*WORK INSTRUCTIONS*. Exact copy, pictures excluded: write out every line below.

*SUPPLIED DATA*.
= = = = =

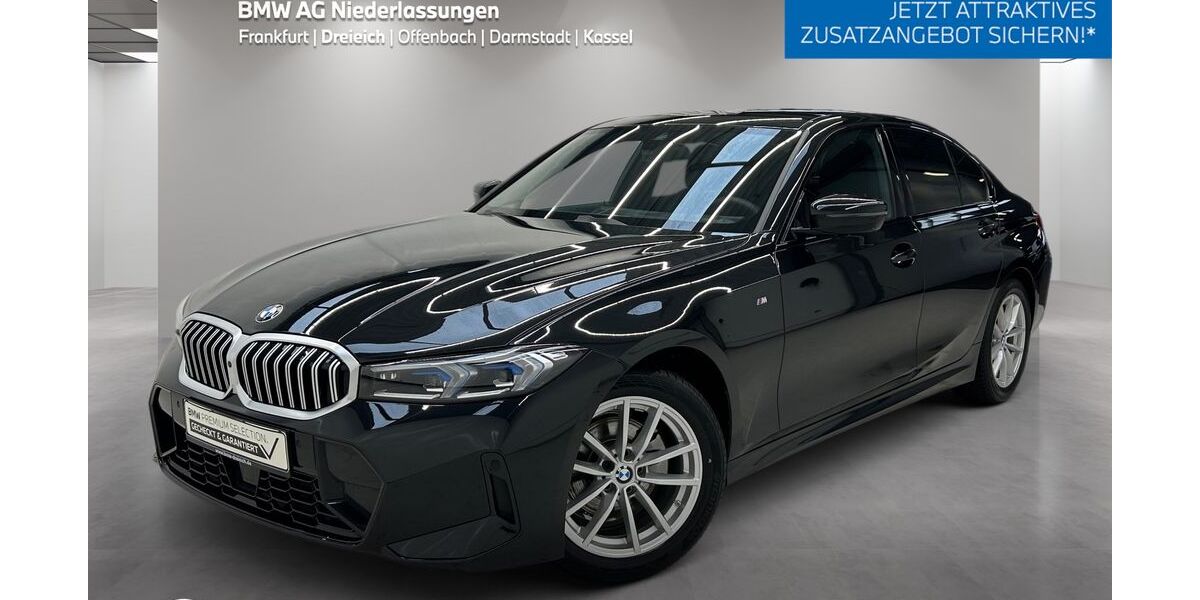BMW 320 20.380 km 39.560 &euro; Dreieich-Sprendlingen 63303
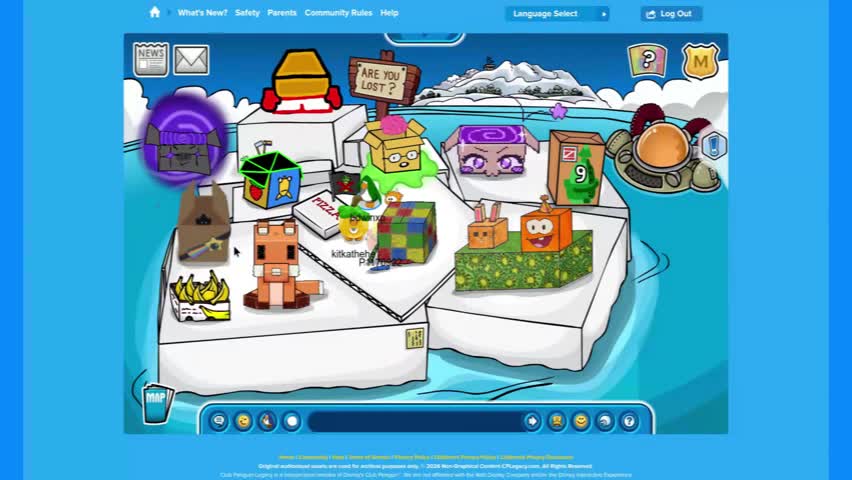 Trying to get all Club penguin April fools quests Trying to get all Club penguin April fools quests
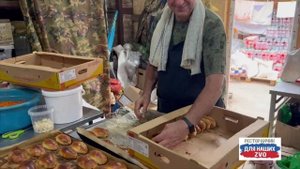 Лучшие добровольцы страны - наши рестораторы 💯
Команда работает не покладая рук 💪🏻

= = = = =

*RESULT OF THIS EXERCISE*.
BMW 320 20.380 km 39.560 &euro; Dreieich-Sprendlingen 63303
 Trying to get all Club penguin April fools quests Trying to get all Club penguin April fools quests
 Лучшие добровольцы страны - наши рестораторы 💯
Команда работает не покладая рук 💪🏻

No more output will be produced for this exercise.